Here in New Hampshire, activists held Tea Parties at about six different locations, Manchester being the largest. I was there. The crowd dwarfed the cookout we had several years back at the state fairgrounds where 1,500 came through the gate.

Forty five minutes into our short program I left the stage area and went to our CNHT tent and looked down the street in both directions. Still approaching the event from both ends of that street and coming up adjacent streets were people pushing baby carriages and holding home made signs. People were watching from the second and third floors of the parking garage.

When the announcer asked people to hold up their signs one could not see out of the city block from the stage, it was signs, tree tops, and blue sky.
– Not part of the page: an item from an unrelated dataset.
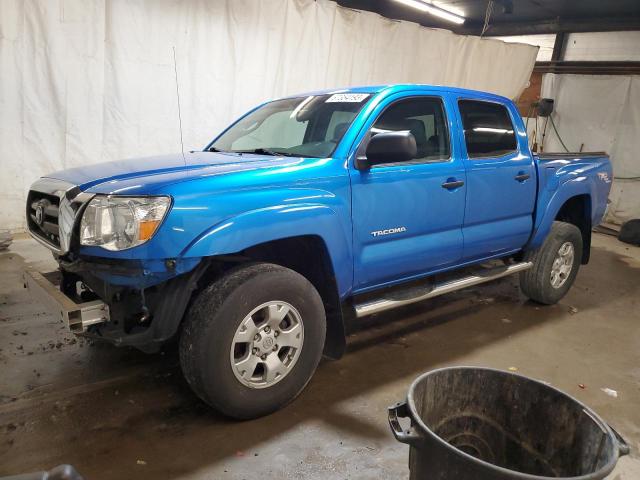 5TEJU62NX8Z522635 - 2008 TOYOTA TACOMA DOUBLE CAB PRERUNNER BLUE photo 1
I stopped by the John Birch Society booth after the Tea Party was over. I said to the guy at the booth, “So you guys have been predicting the takeover of banks and business by government, and the collapse of the dollar for forty some years, what did you think of this crowd?” He said he wished some of our speakers had spent more time warning about inflation.

It’s hard to cover all the bases with a three minute limit on speeches. But the John Birch Society should take heart. Liberal NH Democrats are spending NH into irretrievable debt just as our liberal Democrats in DC are. The end result will surely be a life learned lesson for future generations about unemployment, poverty, inflation, double digit interest rates, and lack of hope replacing the evil capitalist way of doing things through economic growth and prosperity.

If NH politicians want to ignore Tea Parties, fine with me. If they do not understand what was going on, I am not surprised.

As they say: Never pass up a good crisis.